→ WHAT YOU NEED TO DO
Would you please repeat exactly the entries below, starting at the line with "Stock photo of" and ending at the line with "Lainiki Dép Sandal", and nothing outside that range? Leave out the pictures.
··· MATERIAL SUPPLIED
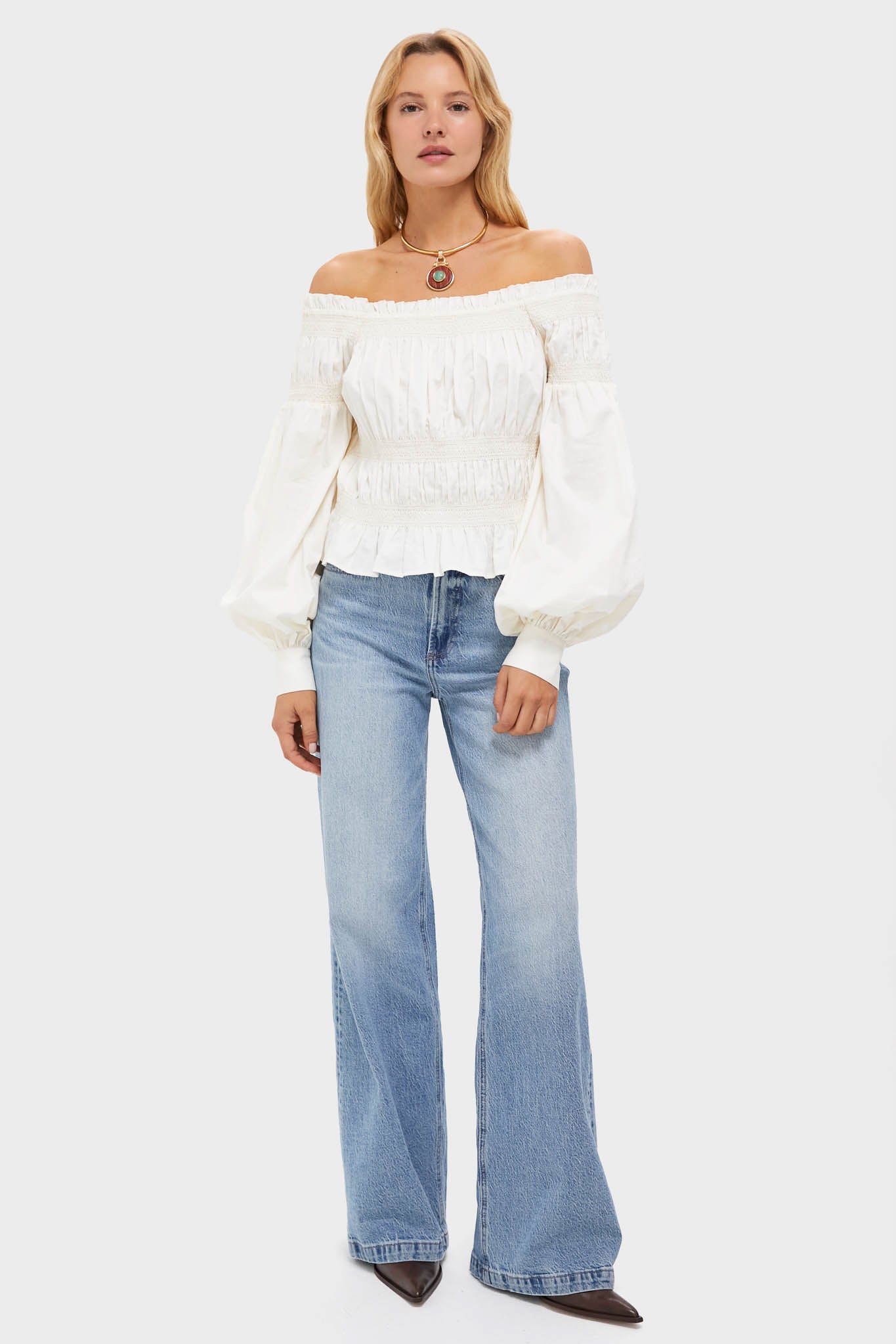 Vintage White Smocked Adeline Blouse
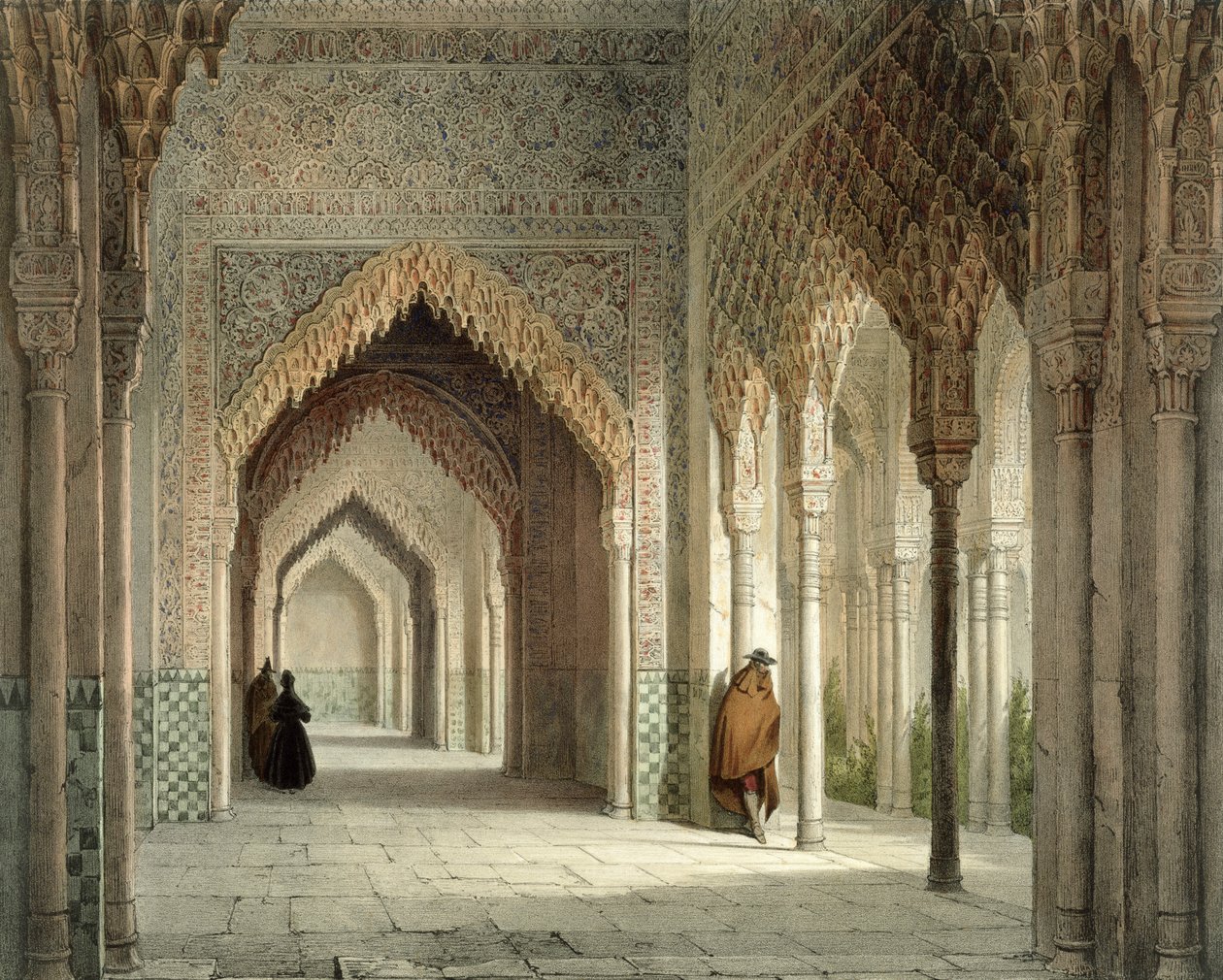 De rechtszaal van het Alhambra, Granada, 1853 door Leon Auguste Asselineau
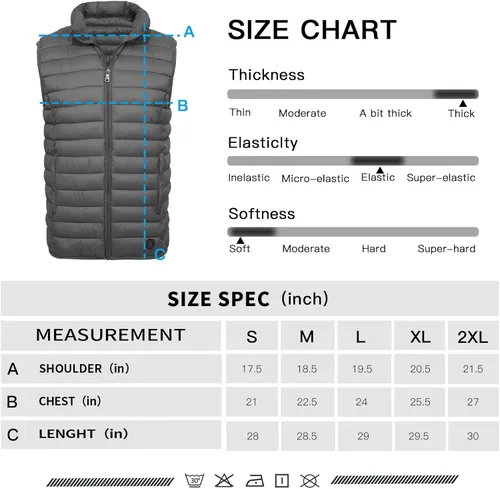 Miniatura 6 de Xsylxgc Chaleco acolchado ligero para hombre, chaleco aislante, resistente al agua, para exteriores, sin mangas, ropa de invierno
······
··· MATERIAL SUPPLIED
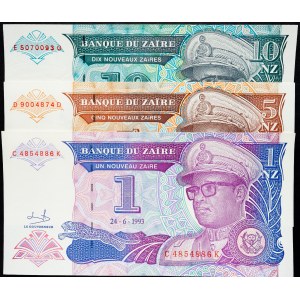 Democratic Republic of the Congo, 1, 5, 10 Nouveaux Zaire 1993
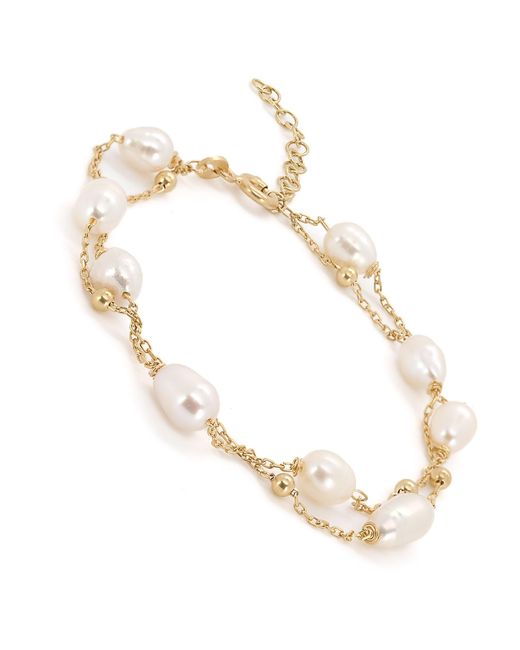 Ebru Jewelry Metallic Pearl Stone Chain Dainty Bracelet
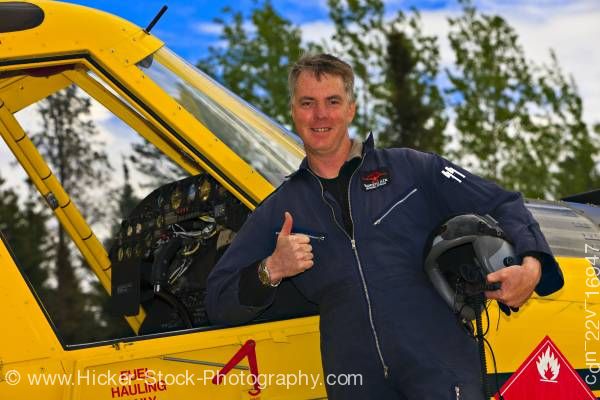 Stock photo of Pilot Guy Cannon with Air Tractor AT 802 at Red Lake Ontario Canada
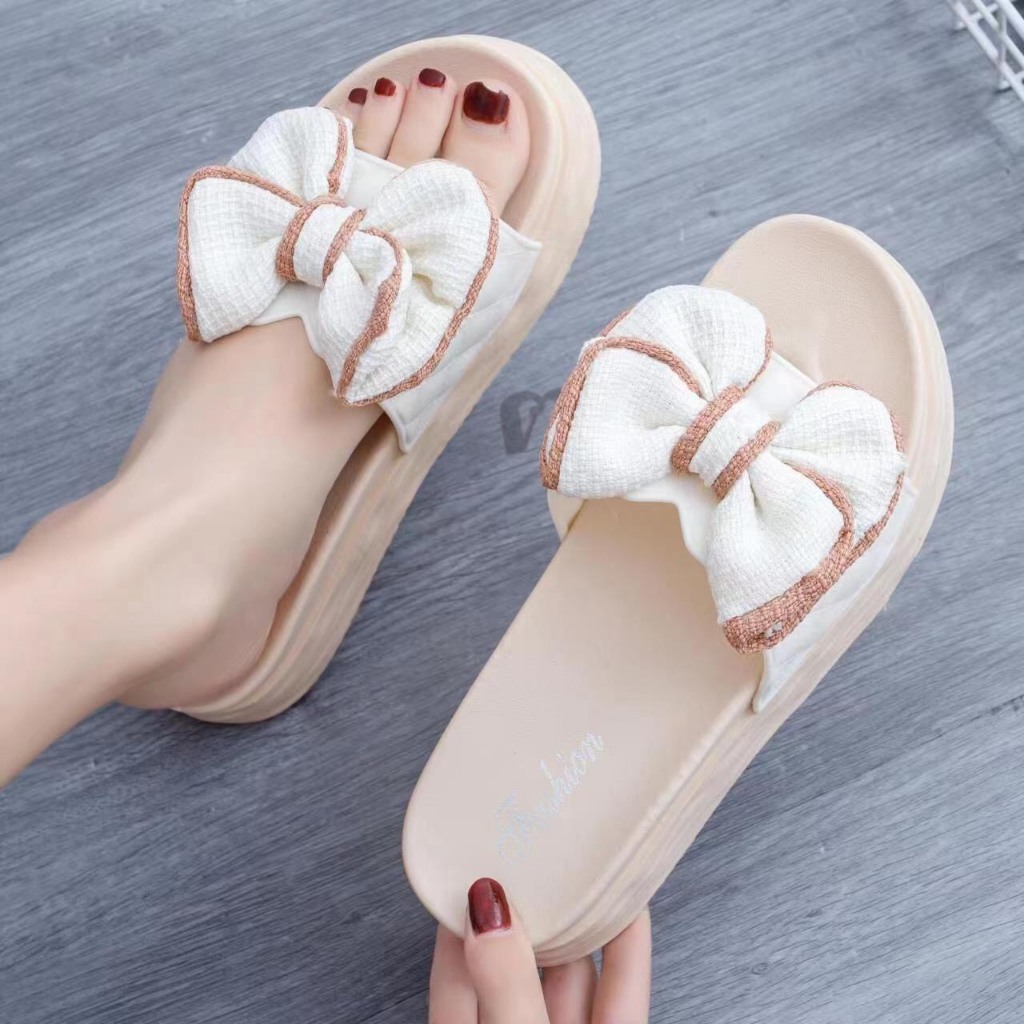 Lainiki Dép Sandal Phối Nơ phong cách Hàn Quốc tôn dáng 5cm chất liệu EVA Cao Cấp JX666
······
→ ANSWER SECTION
 Stock photo of Pilot Guy Cannon with Air Tractor AT 802 at Red Lake Ontario Canada
 Lainiki Dép Sandal Phối Nơ phong cách Hàn Quốc tôn dáng 5cm chất liệu EVA Cao Cấp JX666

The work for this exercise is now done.